──────── EXERCISE INPUTS
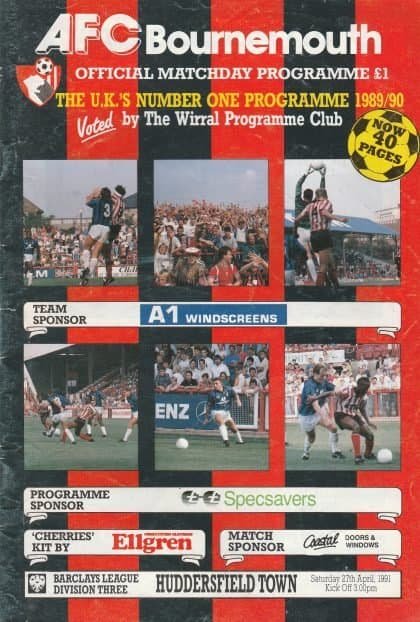 AFC Bournemouth v Huddersfield Town  27-Apr-1991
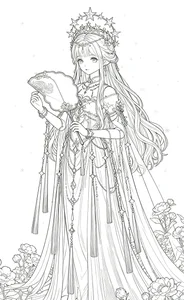 Ancient Anime Princess Coloring Pages: Creative Printable Sheets for Kids - image 10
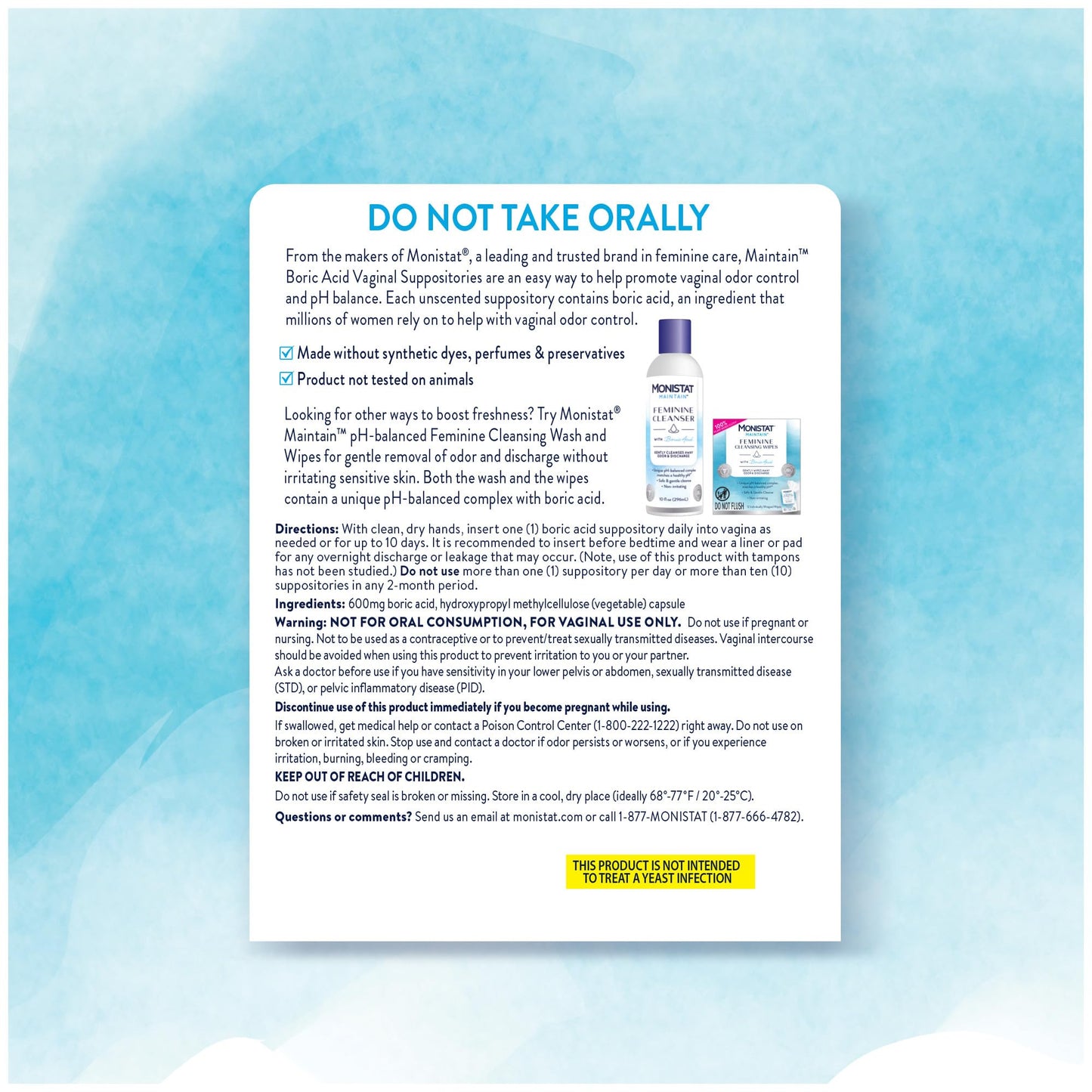 from The Makers of Monistat, Maintain Boric Acid Suppositories for Women, 600 Mg of Boric Acid, 30 Ct, 1 Pack MonistatBuy Supplements Australia
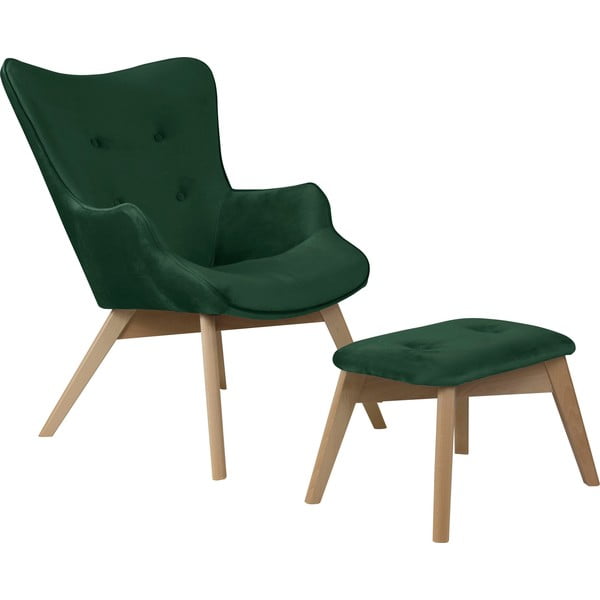 Temno zelen žameten fotelj z naslonjalom za noge Niko – Ropez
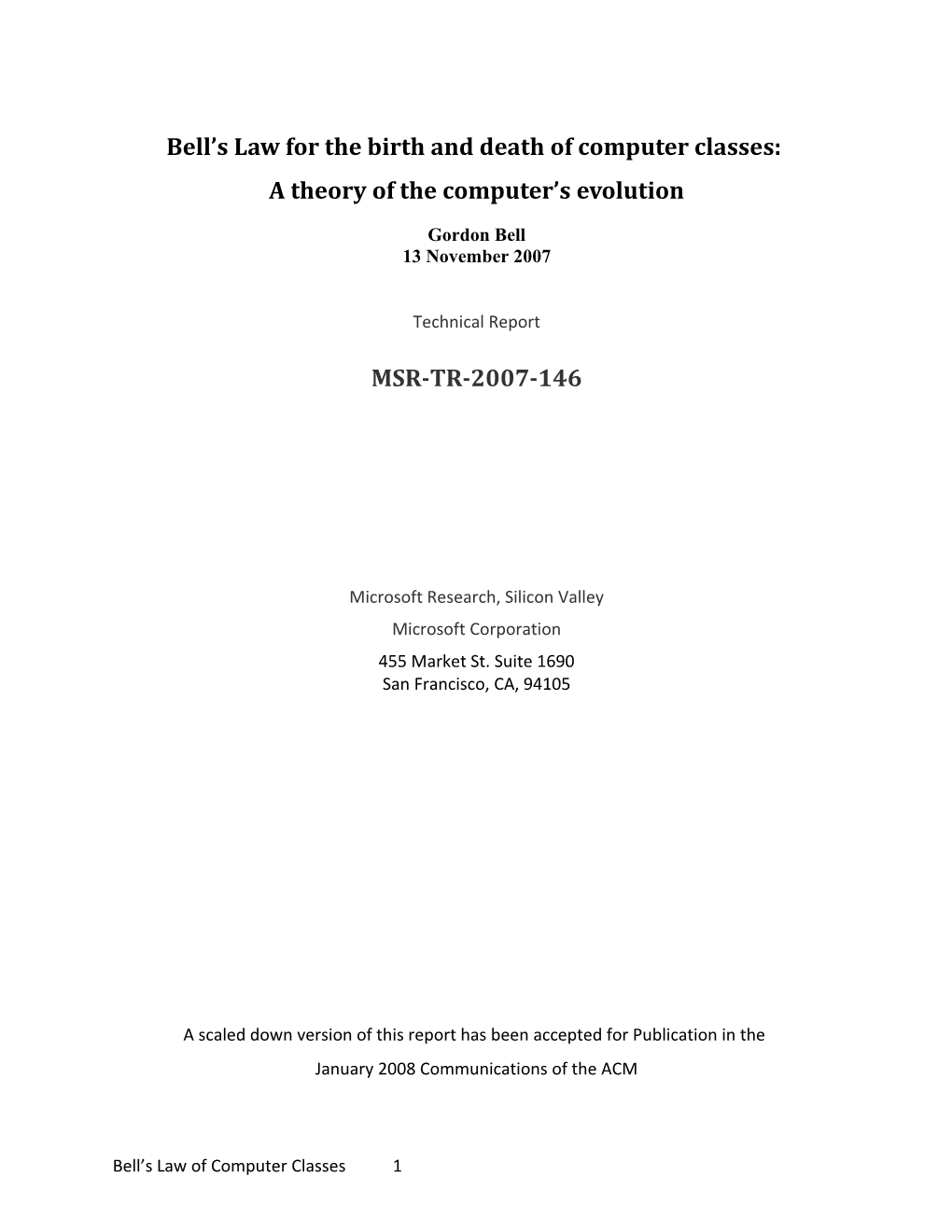 Bell S Law for the Birth and Death of Computer Classes: a Theory of the Computer S Evolution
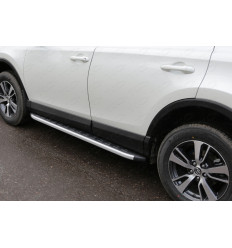 Пороги алюминиевые с пластиковой накладкой на Toyota Rav 4 TOYRAV15-19AL 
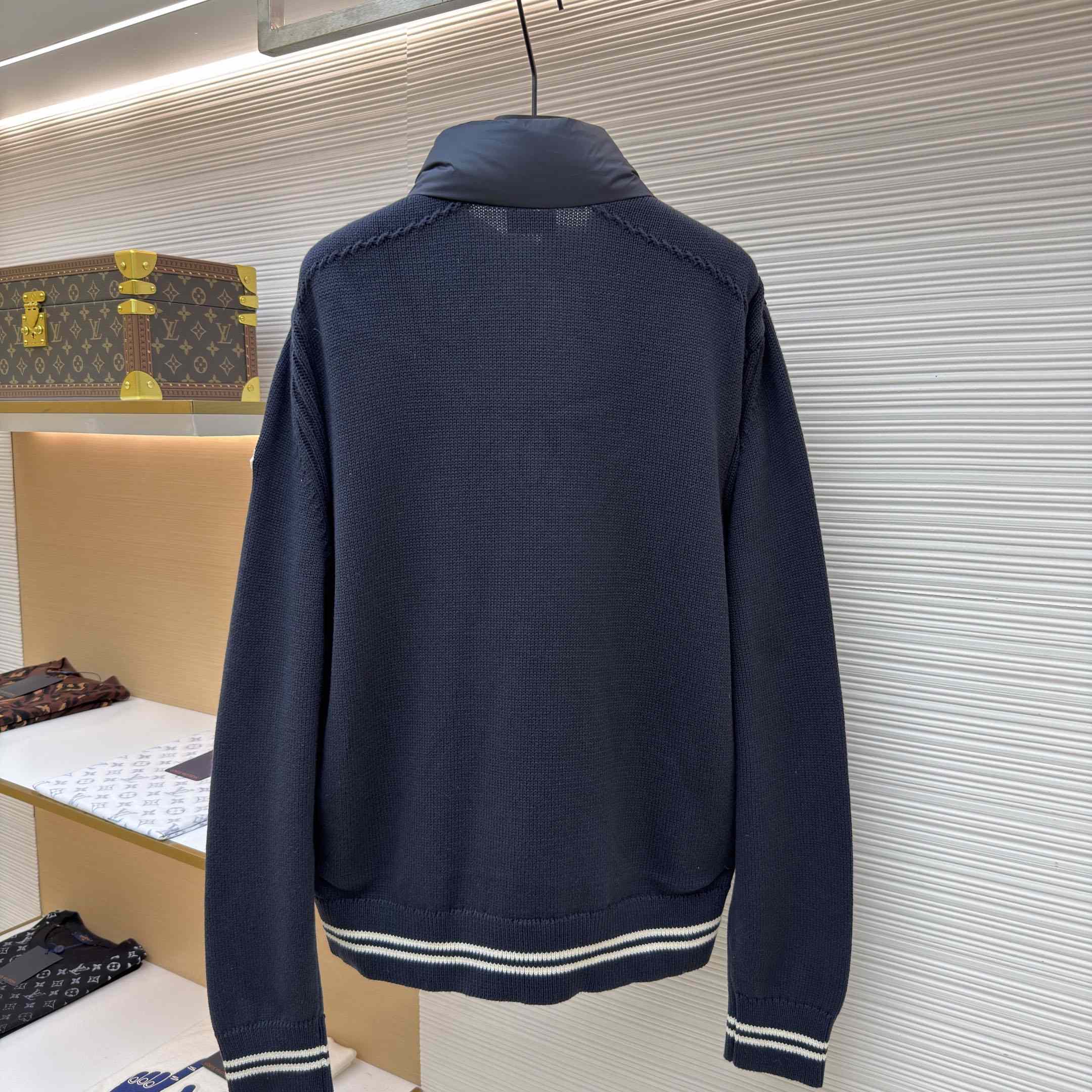 Moncler Navy Paneled Down Cardigan - DesignerGu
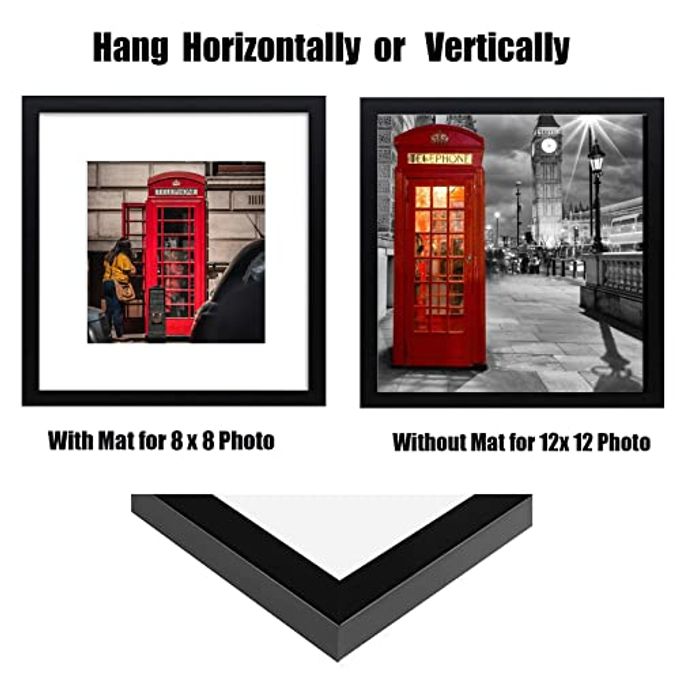 PWTAKO 12x12 Picture Frame Set of 6, Display Pictures 8x8 with Mat or 12x12 Without Mat for Wall Mounting,Black - Image 3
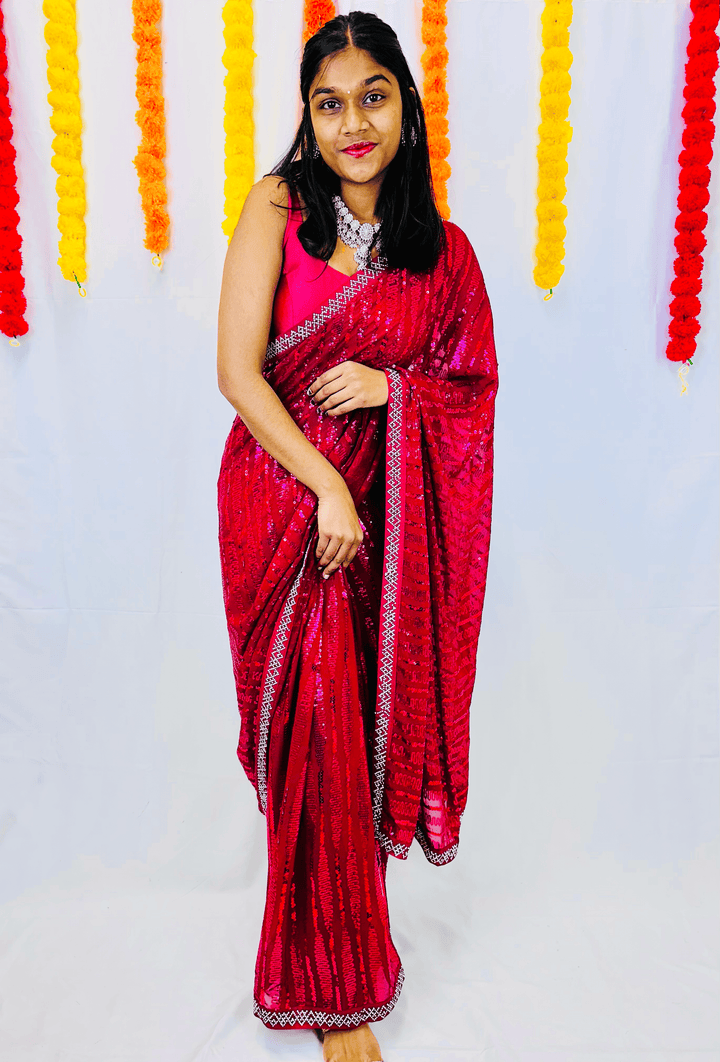 Chiffon Saree with Sparkling Sequin and Diamond Border - Shree Shringar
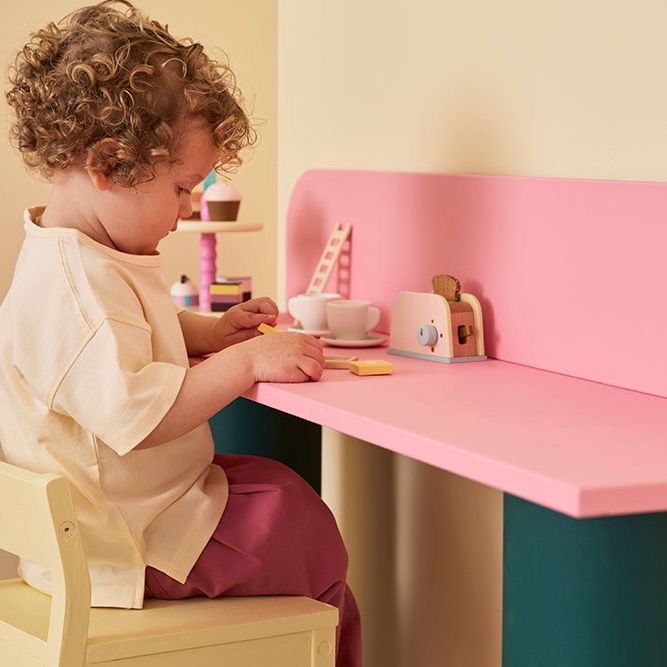 KID'S CONCEPT Drewniany zestaw śniadaniowy z tosterem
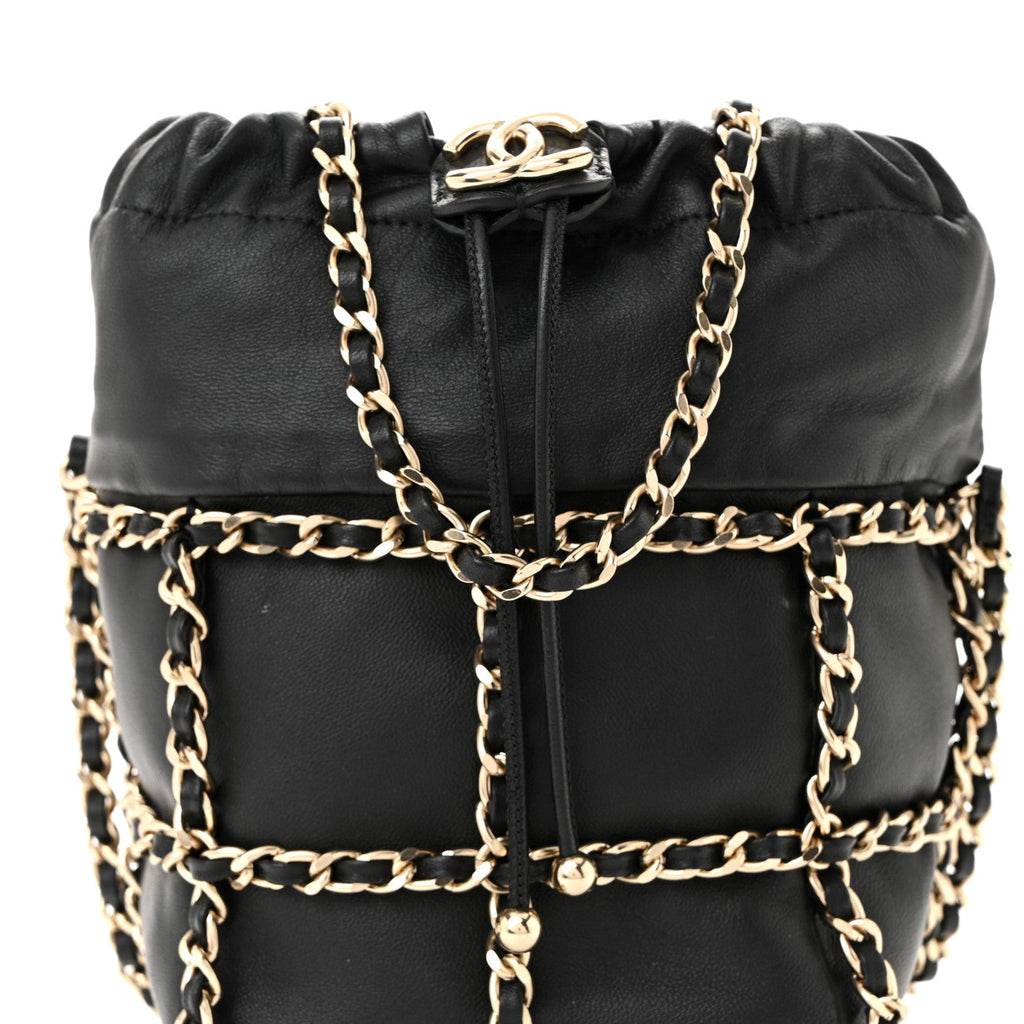 Chanel Lambskin Bucket Chain Drawstring Bag Black
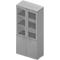 Gray office cabinet with glass fronts, divided into doors and shelves.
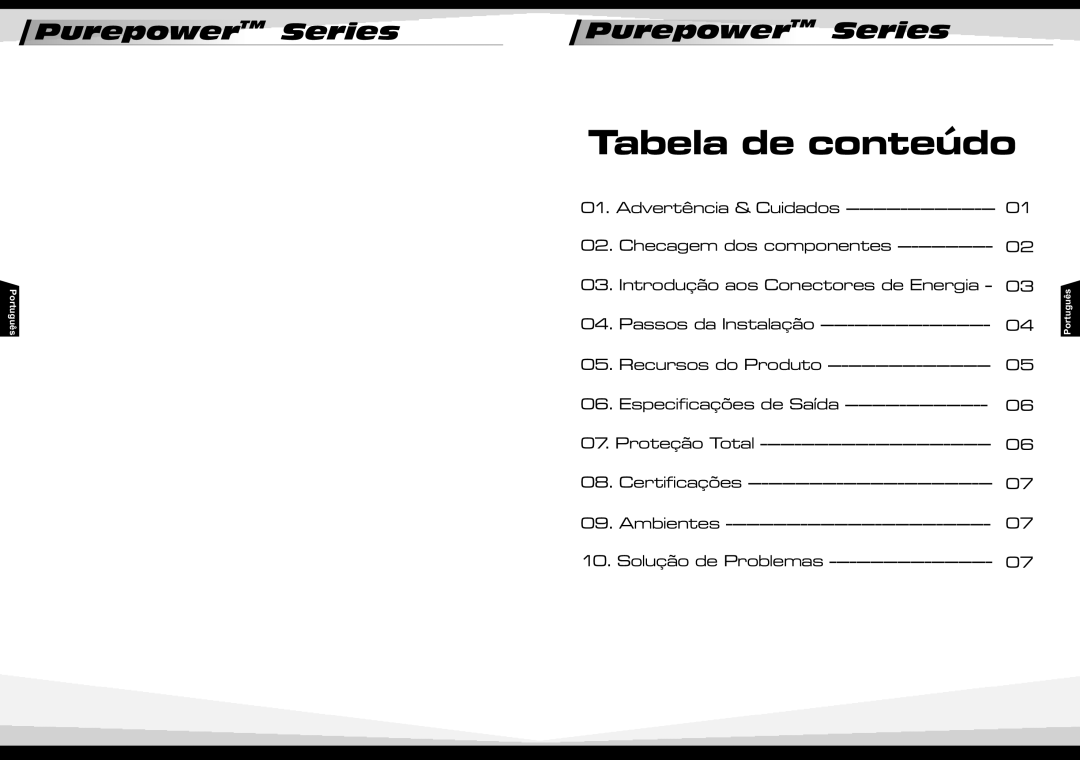 Thermaltake W0330RU manual Tabela de conteúdo 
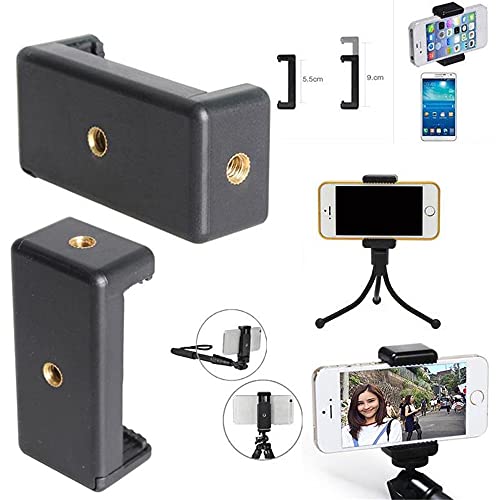 Image of BKN Camera Stand Clip Bracket Holder Tripod Monopod Mount Adapter for Mobile Phones with 2 Side Screw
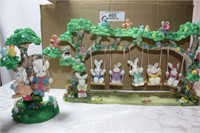 2 Swinging Bunny Figurine Decorations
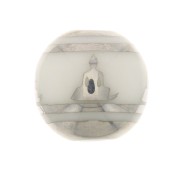 Perles en verre rondes 10 mm - motif Bouddha - Blanc - Argenté x4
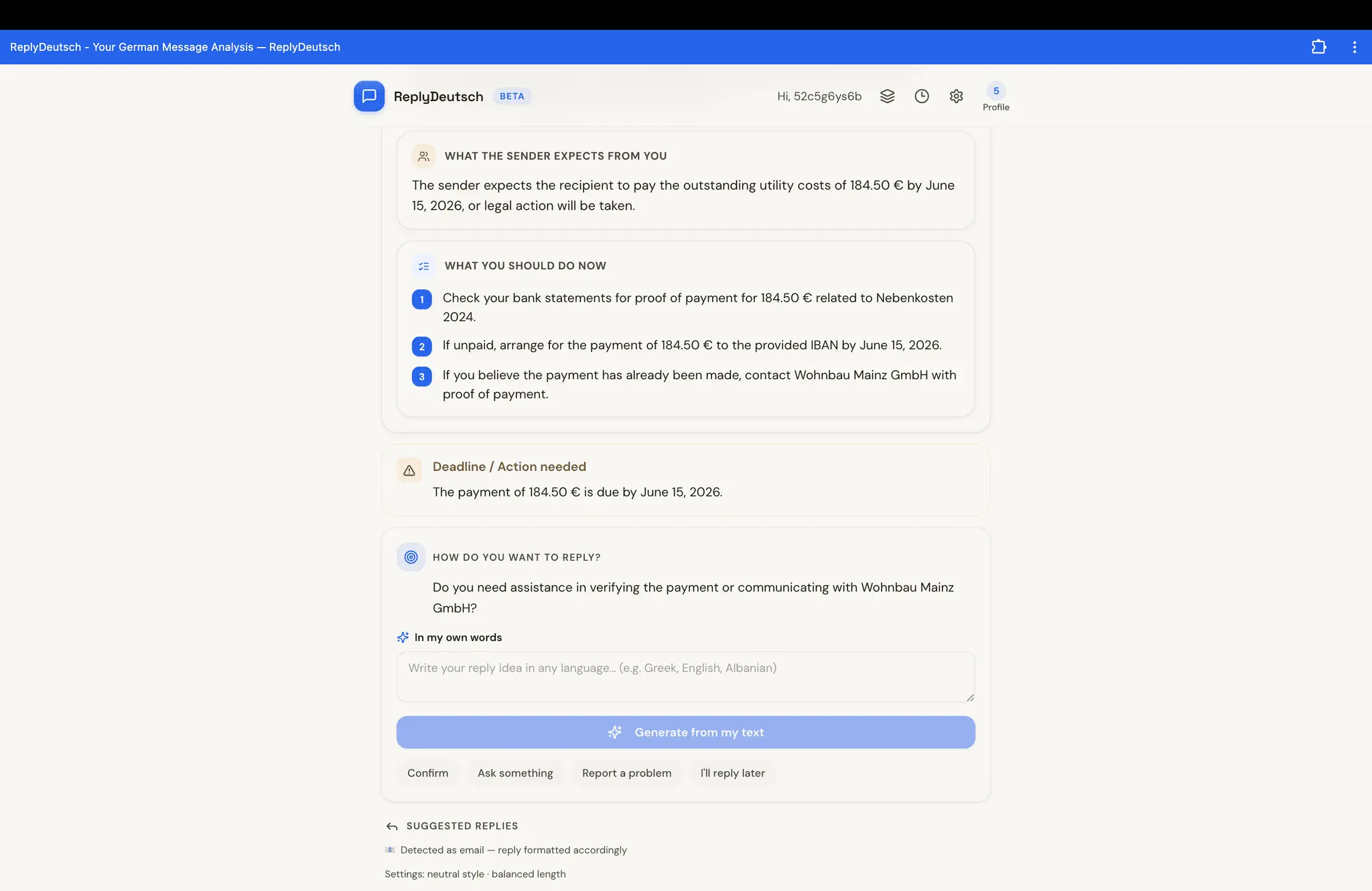 Screenshot 5 of Reply Deutsch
────────────────
Leaving every picture behind, retype the entries above exactly, from the first line through the line with "Image of BKN", and stop there.

**WRITTEN SOLUTION:**
 AFC Bournemouth v Huddersfield Town  27-Apr-1991
 Ancient Anime Princess Coloring Pages: Creative Printable Sheets for Kids - image 10
 from The Makers of Monistat, Maintain Boric Acid Suppositories for Women, 600 Mg of Boric Acid, 30 Ct, 1 Pack MonistatBuy Supplements Australia
 Temno zelen žameten fotelj z naslonjalom za noge Niko – Ropez
 Bell S Law for the Birth and Death of Computer Classes: a Theory of the Computer S Evolution
 Пороги алюминиевые с пластиковой накладкой на Toyota Rav 4 TOYRAV15-19AL 
 Moncler Navy Paneled Down Cardigan - DesignerGu
 PWTAKO 12x12 Picture Frame Set of 6, Display Pictures 8x8 with Mat or 12x12 Without Mat for Wall Mounting,Black - Image 3
 Chiffon Saree with Sparkling Sequin and Diamond Border - Shree Shringar
 KID'S CONCEPT Drewniany zestaw śniadaniowy z tosterem
 Chanel Lambskin Bucket Chain Drawstring Bag Black
 Gray office cabinet with glass fronts, divided into doors and shelves.
 Thermaltake W0330RU manual Tabela de conteúdo 
 Image of BKN Camera Stand Clip Bracket Holder Tripod Monopod Mount Adapter for Mobile Phones with 2 Side Screw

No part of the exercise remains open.